When it comes to the topic of homeschooling, there is one question on most people’s minds: What about socialization?
Despite my confidence in our decision to homeschool–and in our ability to do it well–I, too, have had to consider this question of “socialization.” Dictionary.com defines socialization as “a continuing process whereby an individual acquires a personal identity and learns the norms, values, behavior and social skills appropriate to his or her social position.” Asking the question about socialization seems to imply, then, an idea that children ought to be socialized by their peers. I disagree. It isn’t my children’s peers who can best inform them of “appropriate” norms, values, behaviors, and social skills; it’s Travis and me.

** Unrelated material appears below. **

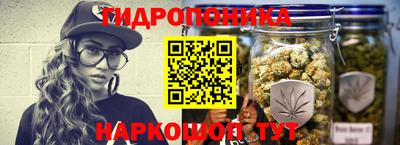 меф VHQ Свободный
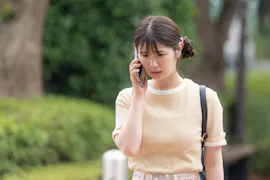 ドラマ24 初恋、ざらり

That being said, I realize that the technical definition of “socialization” may not be exactly what most people have in mind when they ask the question. “Socialization” could mean to some just simply learning how to relate to and get along with one’s peers. By this definition, is socialization important? Yes! It is of great importance to Travis and me that our children be able to develop and maintain healthy relationships with their peers (and with people of all ages, for that matter). And that is why we don’t altogether dismiss this question that homeschoolers hear so often.
In fact, it was our consideration of the socialization question that first led us to entertain the idea of joining a homeschool co-op. It’s probably fair to say that homeschool families who participate in a co-op do so for one (or both) of two reasons: for academic purposes or for social purposes. Our objective was a little of both.

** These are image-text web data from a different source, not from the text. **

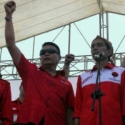 TB Hasanuddin Dorong Fraksi PDIP Ambil Alih Opini agar Tak Jadi Bola Liar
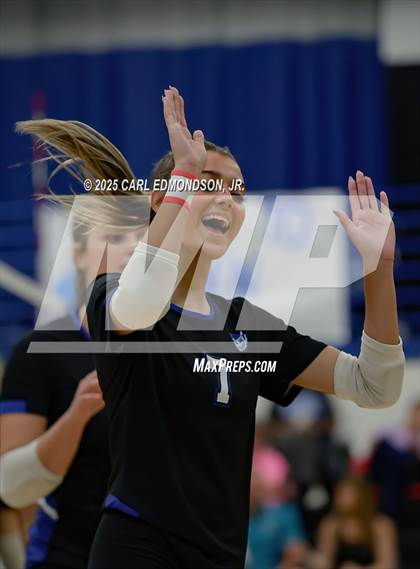 Thumbnail 2 in Lebanon @ LaVergne photogallery.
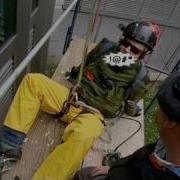 MythBusters Epic Fails Top 25 Moments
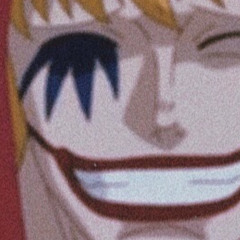 𝖘𝖍𝖚𝖓
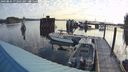 ./images/quadra/hbidock/20240804/hbidock20240804_073501M.jpg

One potential obstacle to homeschooling is that some subjects are difficult to teach at home–namely, P.E., visual arts, and performing arts. So, while I feel that our homeschool is rather academic on its own, I did recognize that a co-op would fill in some gaps in my children’s education by providing them with a venue for these subjects which I cannot easily teach at home.

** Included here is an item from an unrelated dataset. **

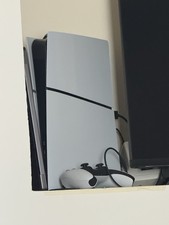 console ps5 digital for sale console ps5 digital for sale SHEFFIELD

Despite what homeschool critics may think, my children have ample social opportunities (with or without a co-op, by the way). From playing with the neighborhood kids to attending church activities to participating on athletic teams, my kids get plenty of practice in developing and maintaining relationships with their peers. So, it wasn’t peer relationships I was seeking from a co-op as much as it was the structure of a classroom setting and the practice of “classroom skills” such as attentiveness, participation, cooperation, and time management.
Going back to the definition of socialization, I would just like to point out that socialization happens. Whether public school or homeschool, city-living or country-living, co-op or no co-op, children are influenced by experiences, by interactions with others, and by education; and all of those factors play a role in their growth into the people they will become. The socialization question, therefore, ought to be about the nature of these social influences in our children’s lives rather than about the existence or non-existence thereof.
This concludes my series on My Homeschool. I’ve shared with you why we homeschool, what a day in our homeschool looks like, what curriculum we use, and why we decided to join a co-op. I hope that these posts have served as an encouragement to those seeking direction for their own homeschool.